[[ INPUT DATA, beginning ]]
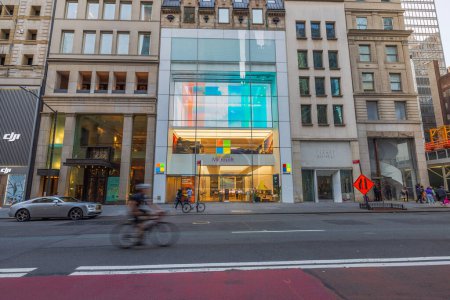 Foto de Hermosa vista de la Quinta Avenida con el edificio de la corporación Microsoft situado en el lado opuesto de la carretera. Nueva York. Estados Unidos. - Imagen libre de derechos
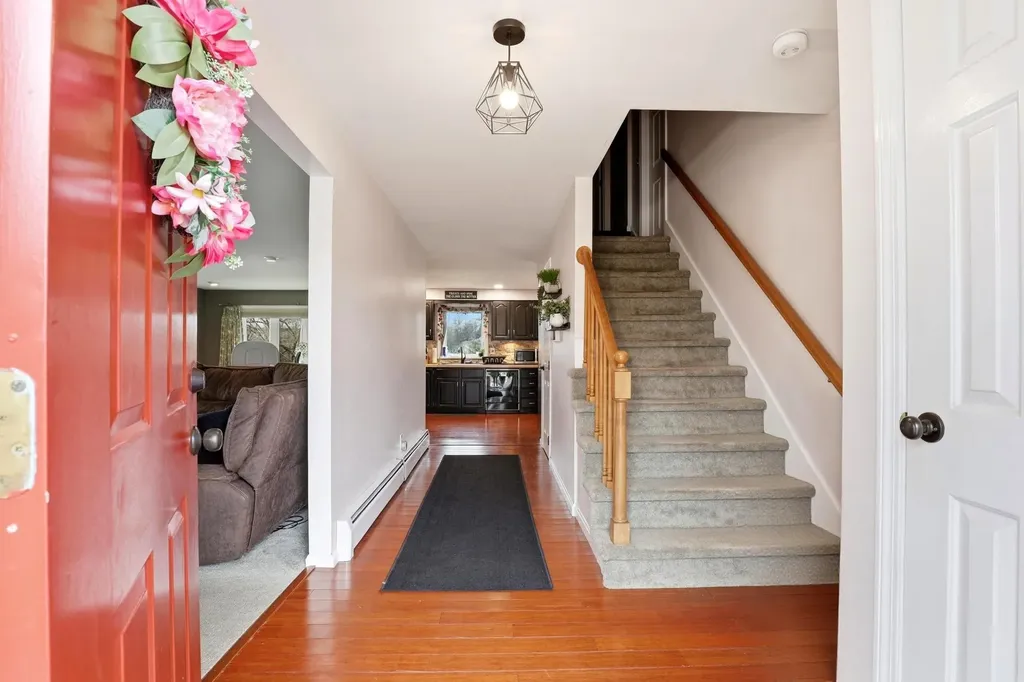 147 Leewood Street Manchester NH 03103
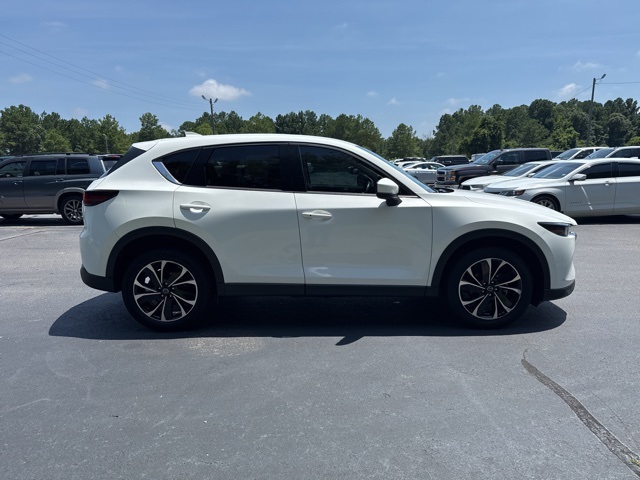 Vehicle image 4 of 39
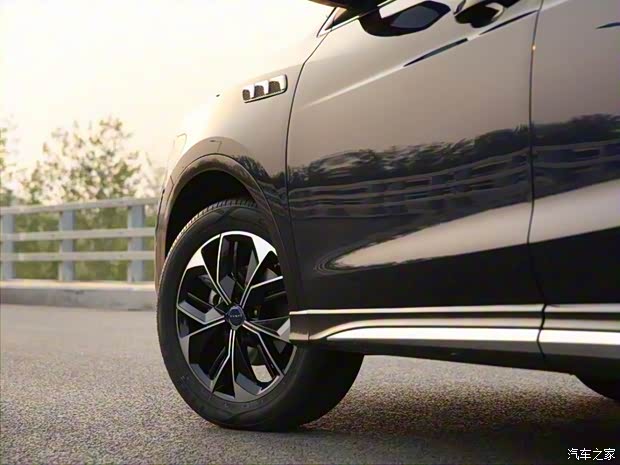 君马汽车 君马SEEK 5 2018款 基本型 君马汽车 君马SEEK 5 2018款 基本型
[[ INPUT DATA, end ]]
YOUR INSTRUCTIONS >>
Hand back exactly the lines from the one with "147 Leewood Street Manchester NH 03103" through the last line of the data above, both ends included, with every picture left out.

ANSWER BOX >>
 147 Leewood Street Manchester NH 03103
 Vehicle image 4 of 39
 君马汽车 君马SEEK 5 2018款 基本型 君马汽车 君马SEEK 5 2018款 基本型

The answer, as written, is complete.